Key ideas illustrated:

  • Separate actor (policy) and critic (value) networks
  • Advantage estimation using the Monte Carlo return minus the critic’s value estimate
  • Simultaneous policy and value function optimization
  • Variance reduction compared to REINFORCE
A2C Implementation
Download
# Partially Adapted from https://towardsdatascience.com/learning-reinforcement-learning-reinforce-with-pytorch-5e8ad7fc7da0

# %%
import numpy as np
import gymnasium as gym
import torch
from torch import nn
import torch.nn.functional as F
import random
from collections import deque
import copy

from tqdm.std import tqdm

device = 'cuda' if torch.cuda.is_available() else 'cpu'
# %%
env = gym.make('CartPole-v1')
render_env = gym.make('CartPole-v1', render_mode='human')
n_state = int(np.prod(env.observation_space.shape))
n_action = env.action_space.n
print("# of state", n_state)
print("# of action", n_action)

# %%


def run_episode(env, policy):
    obs_list = []
    act_list = []
    reward_list = []
    next_obs_list = []
    done_list = []
    obs = env.reset()[0]
    while True:
        action = policy(obs)
        next_obs, reward, terminated, truncated, _ = env.step(action)
        reward_list.append(reward), obs_list.append(obs), \
            done_list.append(terminated), act_list.append(action), \
            next_obs_list.append(next_obs)
        if terminated or truncated:
            break
        obs = next_obs

    return obs_list, act_list, reward_list, next_obs_list, done_list
# %%


class Policy():
    def __init__(self, n_state, n_action):
        # Define network
        self.act_net = nn.Sequential(
            nn.Linear(n_state, 16),
            nn.ReLU(),
            nn.Linear(16, n_action),
            nn.Softmax(dim=-1)
        )
        self.act_net.to(device)
        self.v_net = nn.Sequential(
            nn.Linear(n_state, 64),
            nn.ReLU(),
            nn.Linear(64, 1),
        )
        self.v_net.to(device)
        self.gamma = 0.99
        self.act_optimizer = torch.optim.Adam(
            self.act_net.parameters(), lr=1e-3)
        self.v_optimizer = torch.optim.Adam(self.v_net.parameters(), lr=1e-3)
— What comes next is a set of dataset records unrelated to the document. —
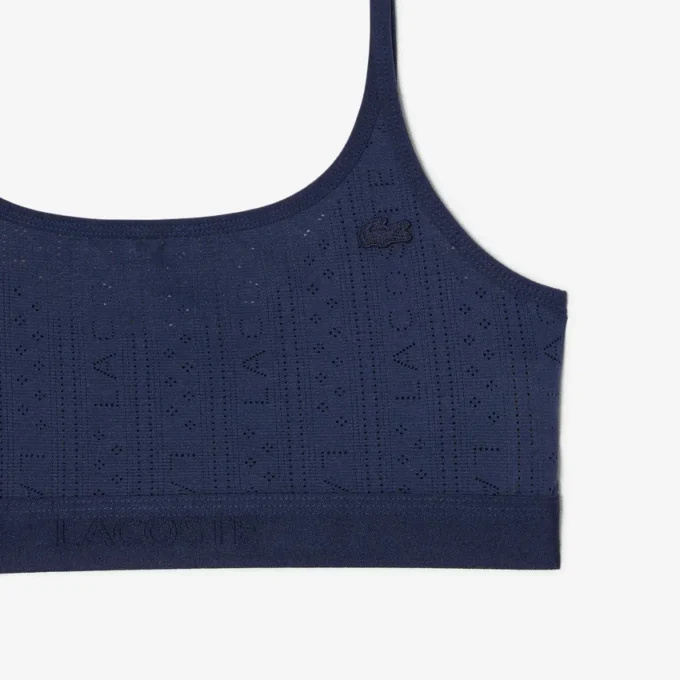 Bralette con logo in punto di rete Bralette con logo in punto di rete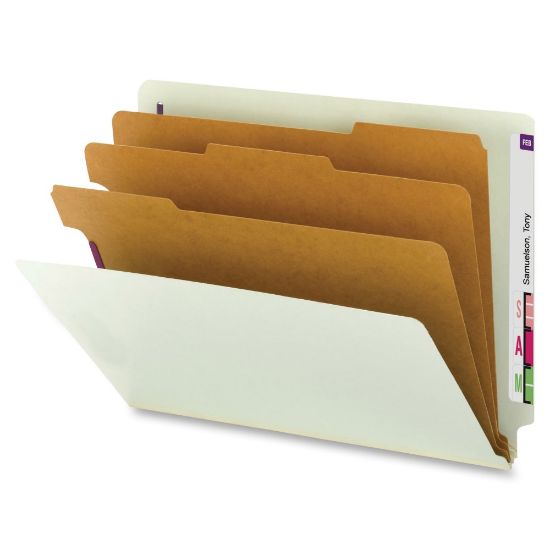 Picture of Smead End-Tab 3-Divider Classification Folders, 8 1/2in x 11in, 3 Divider, 3 Partition, 60% Recycled, Gray/Green, Pack Of 10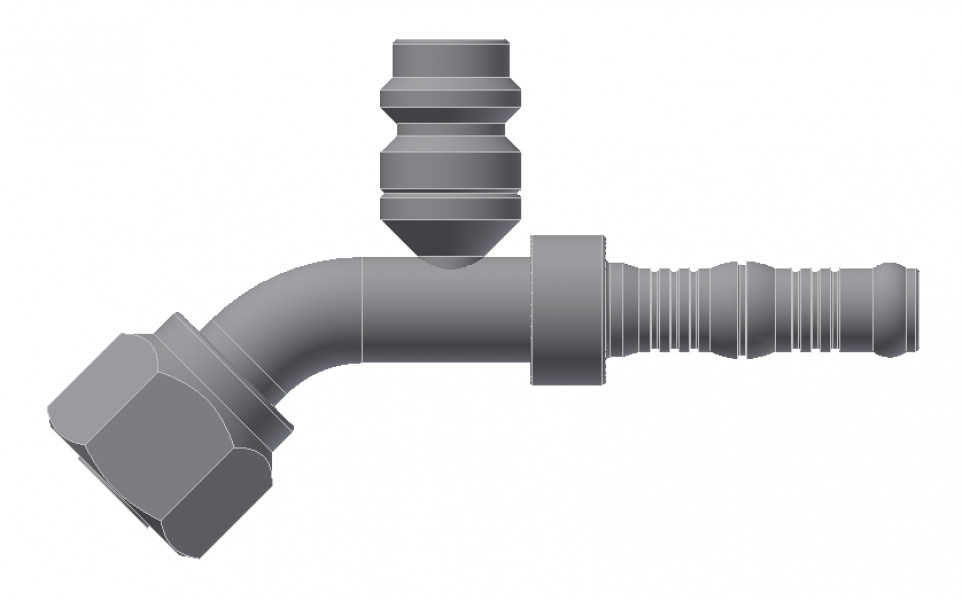 Image of A/C Refrigerant Hose Fitting - 45 degree  Fem O-ring w/R134a Port Steel Ftg Kit from Sunair. Part number: BC-54718-12-12K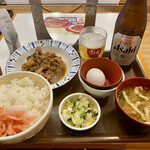 すき家 - 牛皿定食 ¥600
            瓶ビール ¥420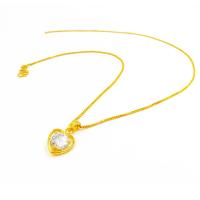 Brass Cubic Zirconia Necklace, with Cubic Zirconia, Heart, gold color plated, fashion jewelry & for woman cm 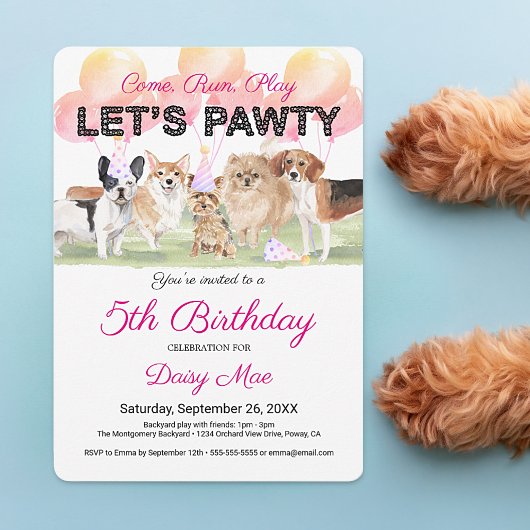 Cute Let's Pawty Custom Dog Birthday Party Kaart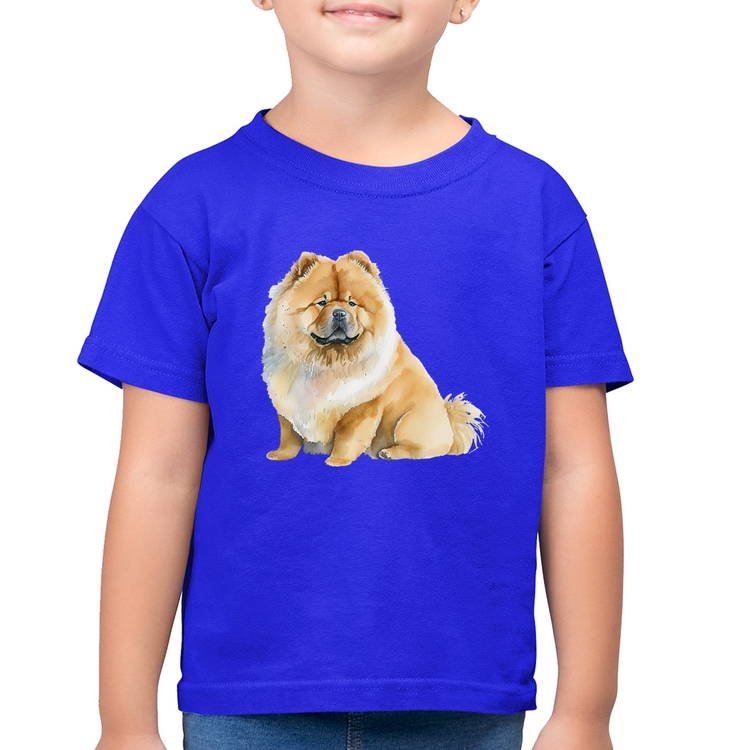 Camiseta Algodão Infantil Chow-chow - Azul Royal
    def __call__(self, state):
        with torch.no_grad():
            state = torch.FloatTensor(state).to(device)
            action_probs = self.act_net(state).detach().cpu().numpy()
            action = np.random.choice(n_action, p=action_probs)
        return action

    def update(self, data):
        obs, act, reward, next_obs, done = data
        # Calculate culmulative return
        returns = np.zeros_like(reward)
        s = 0
        for i in reversed(range(len(returns))):
            s = s * self.gamma + reward[i]
            returns[i] = s

        obs = torch.FloatTensor(obs).to(device)
        reward = torch.FloatTensor(reward).to(device)
        next_obs = torch.FloatTensor(next_obs).to(device)
        returns = torch.FloatTensor(returns).to(device)
        # Actions are used as indices, must be
        # LongTensor
        act = torch.LongTensor(act).to(device)
        done = torch.FloatTensor(done).to(device)
        # Calculate loss
        batch_size = 32
        list = [j for j in range(len(obs))]
        # Calculate advantages (No need to use (1 - done) on returns, as it involves no neural network prediction)
        with torch.no_grad():
            adv = returns - self.v_net(obs).squeeze(-1)
        for i in range(0, len(list), batch_size):
            index = list[i:i+batch_size]
            for _ in range(1):
                logprob = torch.log(self.act_net(obs[index, :]) + 1e-8)
                adv_logprob = adv[index] * torch.gather(logprob, 1,
                                                        act[index, None]).squeeze()
                act_loss = -adv_logprob.mean()
                self.act_optimizer.zero_grad()
                act_loss.backward()
                self.act_optimizer.step()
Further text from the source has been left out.